Report: Millennials Represent 43% of Non-Pay-TV Subs
24 Jan, 2017 By: Erik Gruenwedel
Millennials (consumers ages 18 to 34) don’t subscribe to conventional pay-TV services. Indeed, the demo represents nearly 50% of the domestic cordless population that eschews cable, satellite and/or telco TV service, according to new from British research firm GfK.
Millennials, instead, rely on streaming video and online TV, spending 65% of their viewing time streaming via a TV set or other connected device. That’s almost double compared with cordless Boomers (ages 53 to 71), who spend the majority (56%) of their viewing time watching live TV.
In a study of 25,000 respondents, GfK found Millennials who have cut the pay-TV cord (versus those who never had pay-TV) are more likely to stream video via YouTube, Netflix, Hulu, and Amazon Prime Video. They also over-index for smaller entity apps such as Crunchy Roll, Twitch and Adult Swim.
The demo is the reason online TV services such as Sling TV, PlayStation Vue, DirecTV Now and Charter Spectrum TV Plus exist, in addition to SVOD services HBO Now, Showtime, Starz, Acorn TV and Dove Channel, among others.

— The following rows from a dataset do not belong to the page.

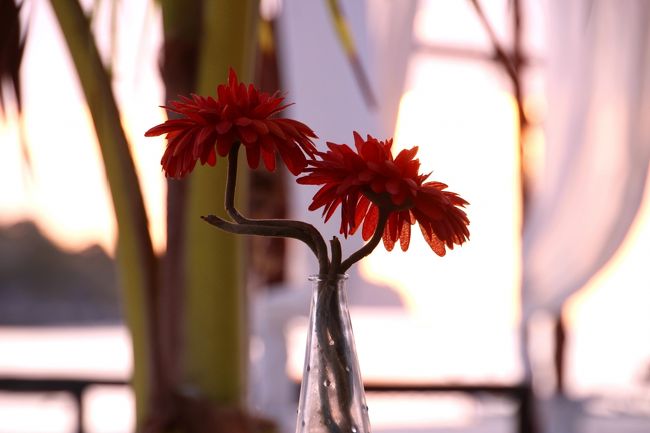 ☆２/１４(金)<br /><br />Morningglow View feom Sunrise Beach @ Koh Lipe Thai<br /><br />Salaの花瓶のガーベラ。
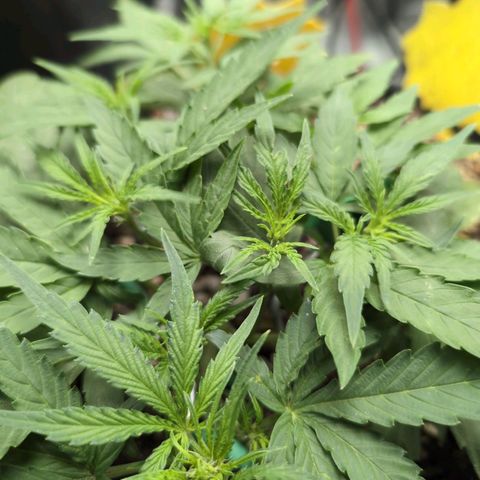 TRIKS by Twenty20 growlog timeline photo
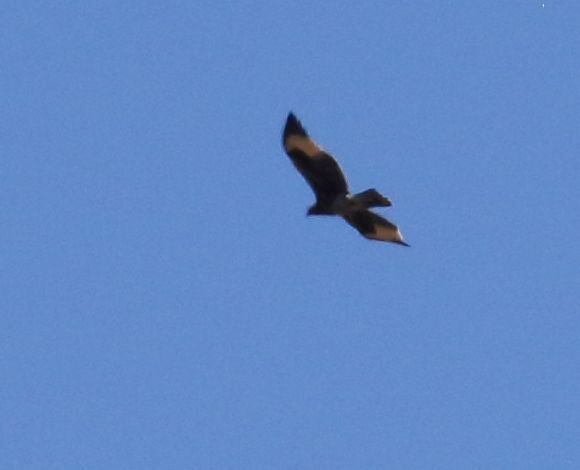 Verreaux's Eagle (Aquila verreauxii), photo 6
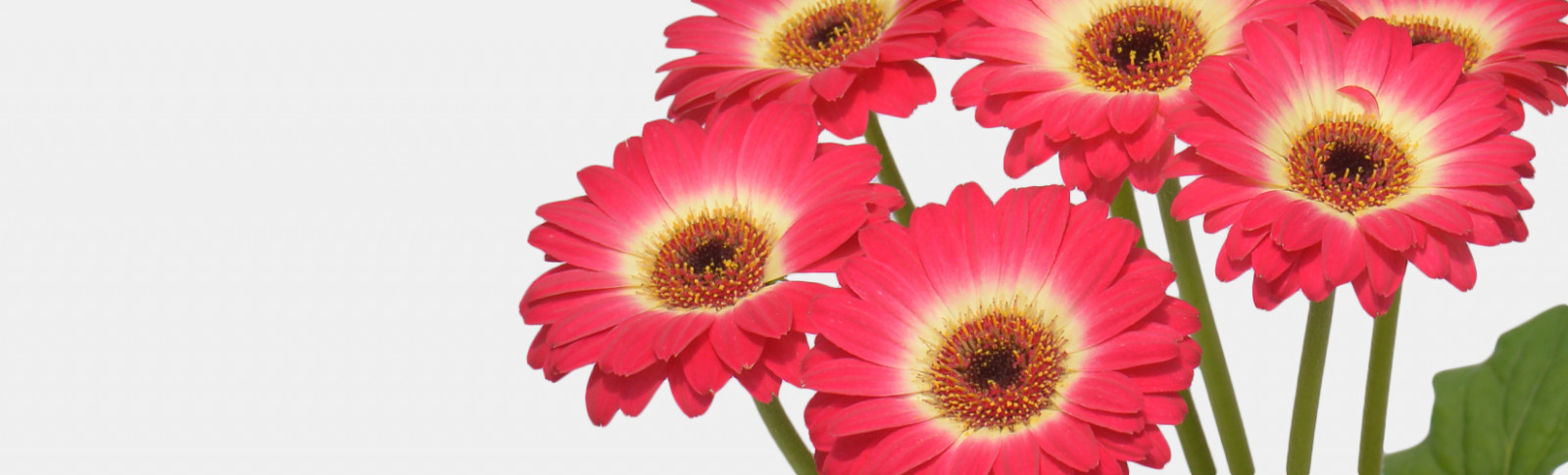 Gerbera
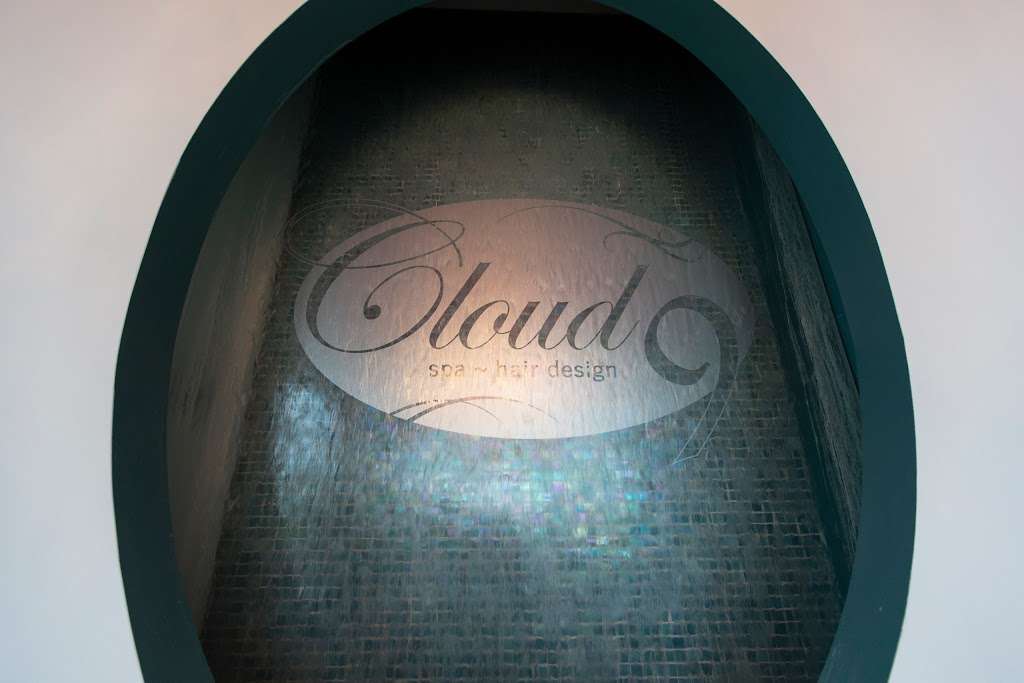 Cloud 9 Spa & Hair Design | 14753 Hazel Dell Crossing #300, Noblesville, IN 46062, USA | Phone: (317) 569-9620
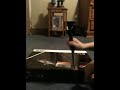 Asus - Laptop with Intel® Core™2 Duo Processor - Blue/Black *Unboxing* !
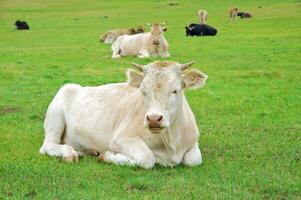 mensonge vache sur une herbe dans Montagne photo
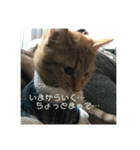猫ときどき犬 〜パート4〜（個別スタンプ：2）
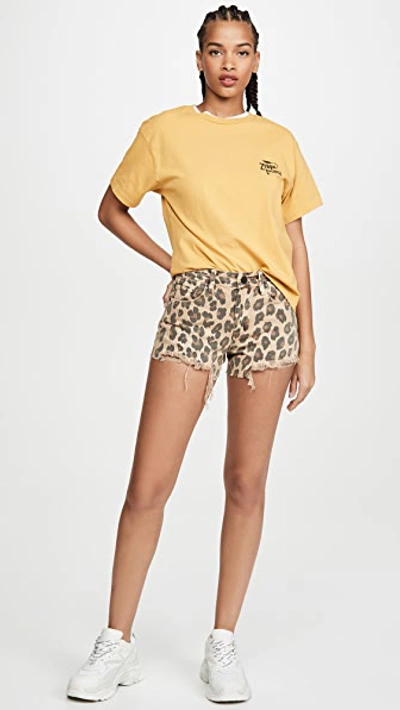Shop Blank Denim Stubborn Leopard Shorts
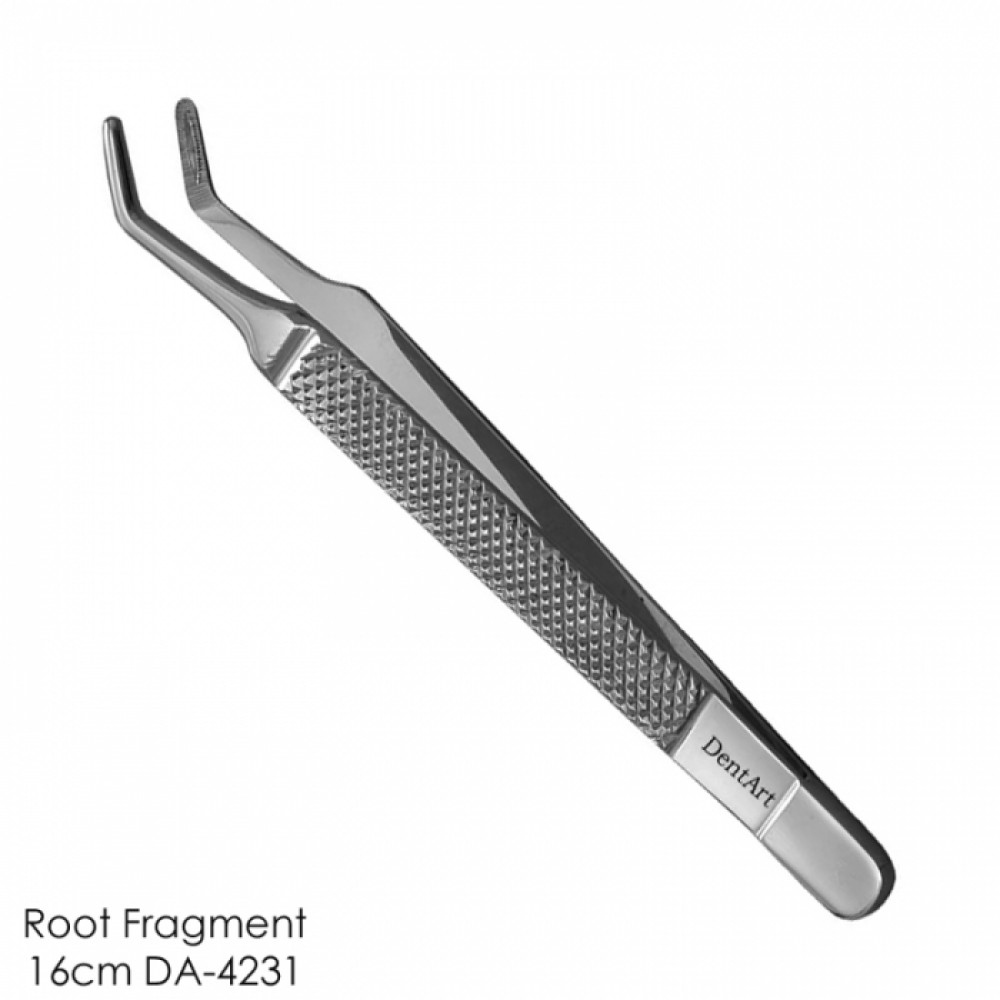 Root Fragment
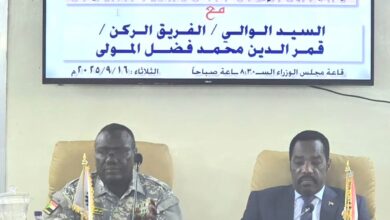 وزير الموارد البشرية و الرعاية الإجتماعية يلتقي والي ولاية النيل الابيض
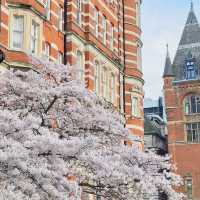 How to spend 8 days in London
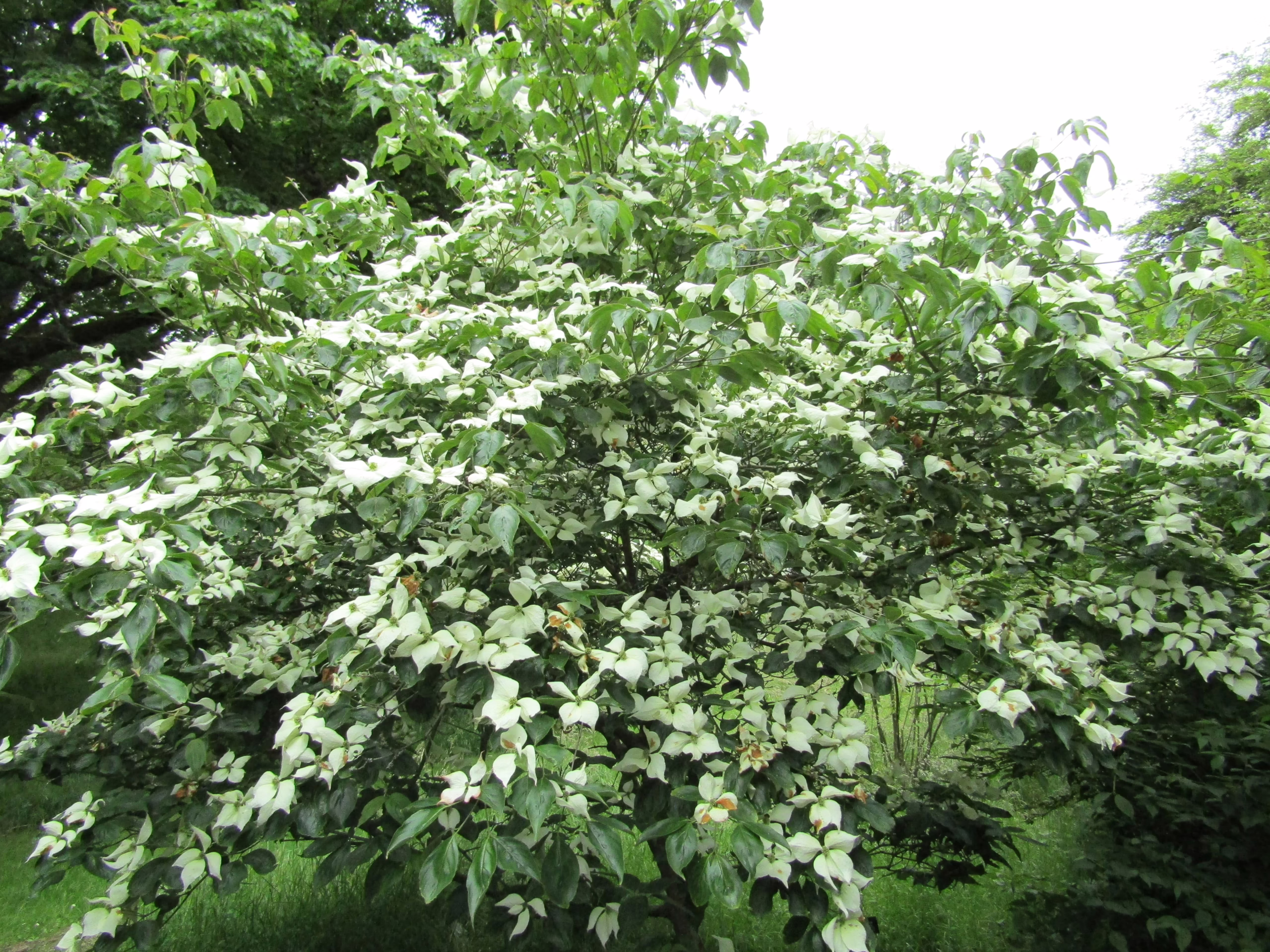 Cornus kousa 'Moonbeam' in full bloom, showcasing its profusion of creamy white bracts and lush green foliage.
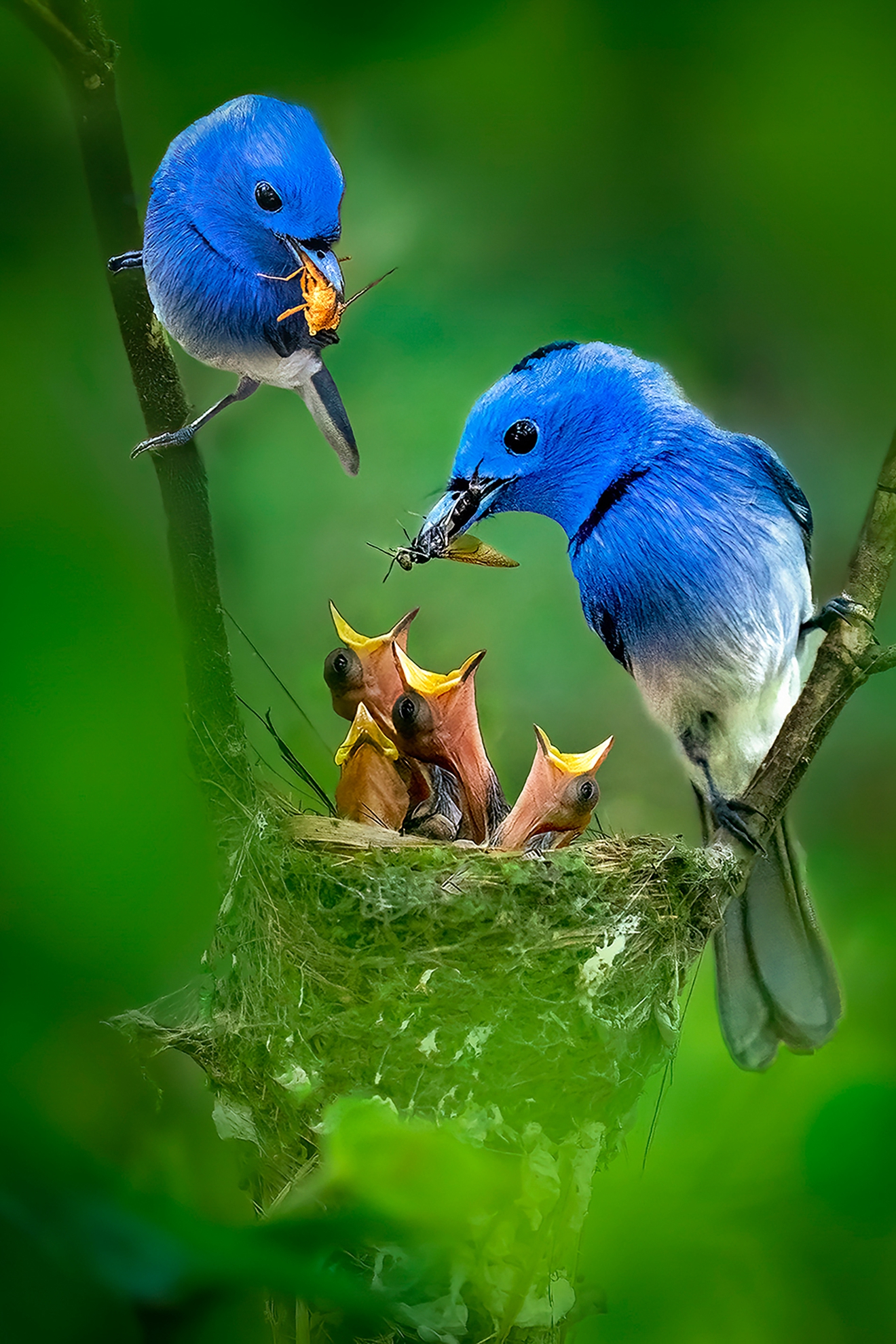 4月-佳作-戴志英-雙親育雛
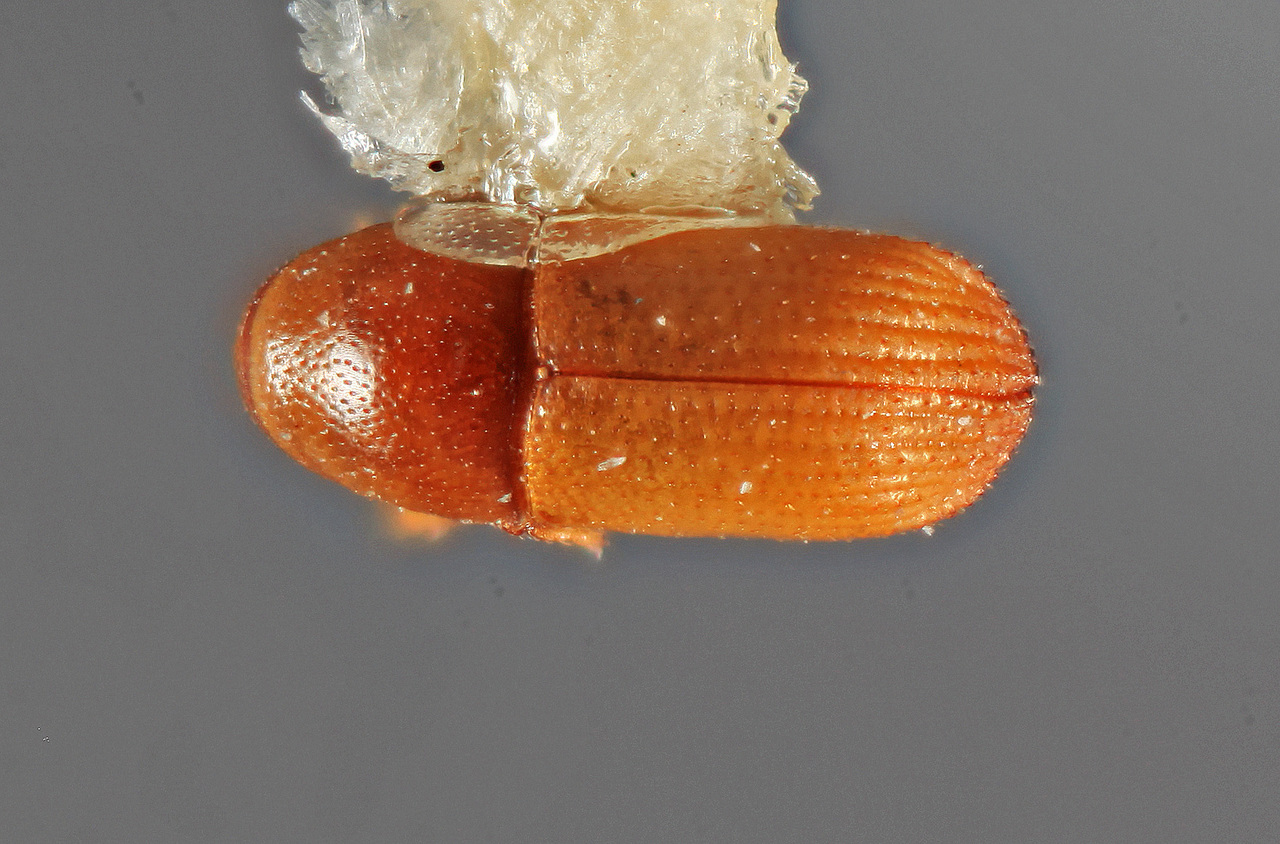 Genus / Species: Loganius equihuai | Image Author: SM Smith | Location: México, Jalisco, Chamela | Image Type: holotype | Collection: Entomology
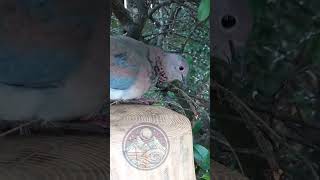 Exotic Senegal Dove Encounter at the Zoo [upl. by Ailhat813]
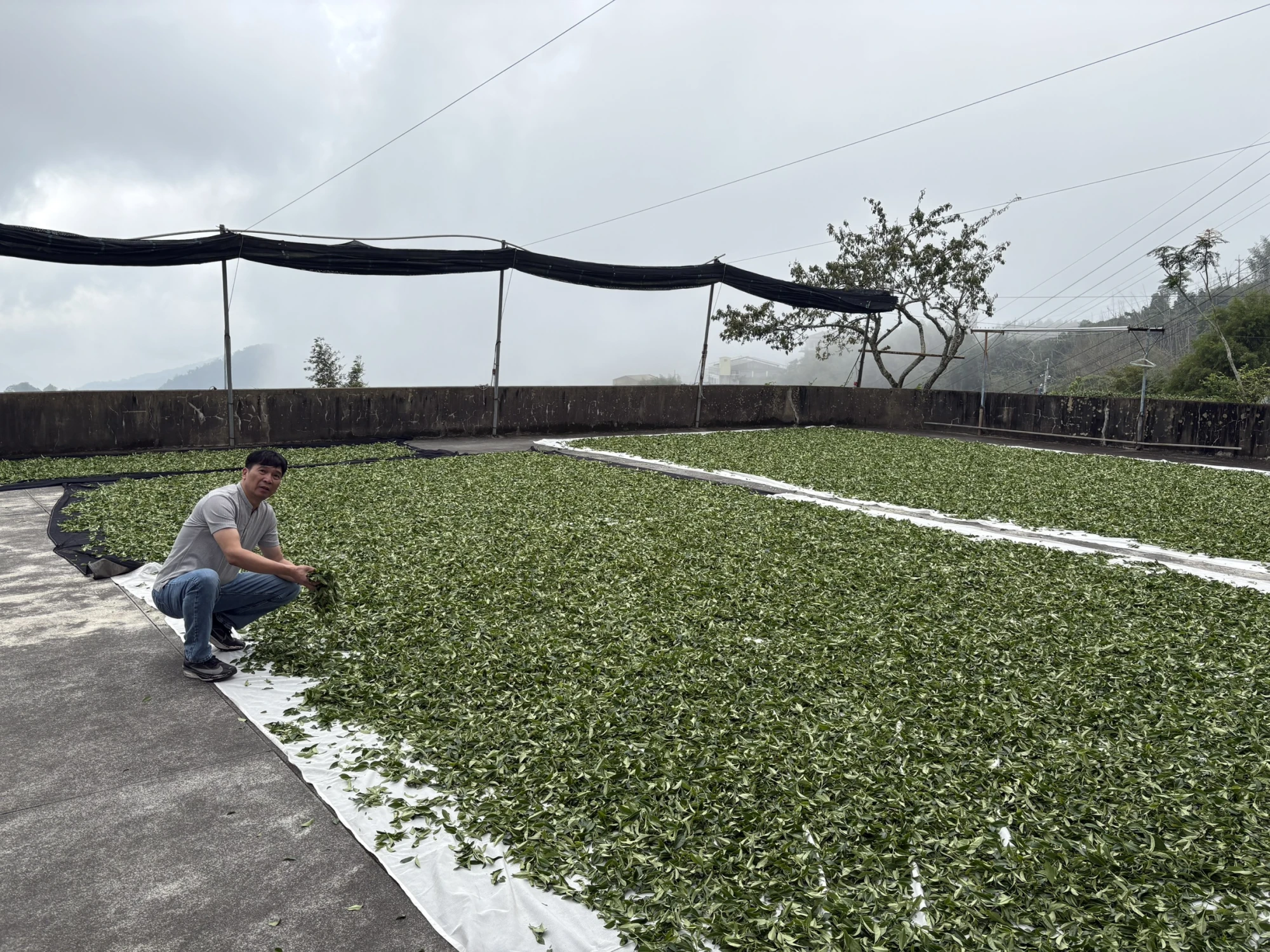 嘉義茶園/嘉義茶廠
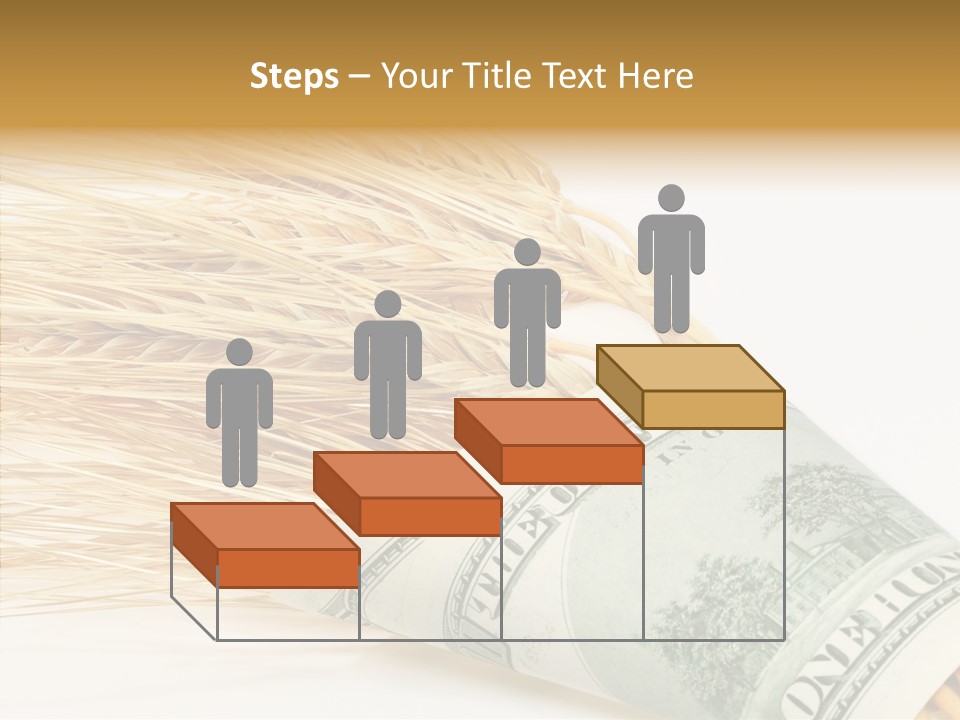 Grain Business Nutrition PowerPoint Template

Cordless Millennials define television as something consumed on any device — a TV, laptop, smartphone or tablet. They are most likely to go to a specific show on a streaming service — with 34% citing on-demand access as their default viewing strategy.
The study also found the demo represents heavy streamers, heavy binge viewers, but minimal TV consumers overall.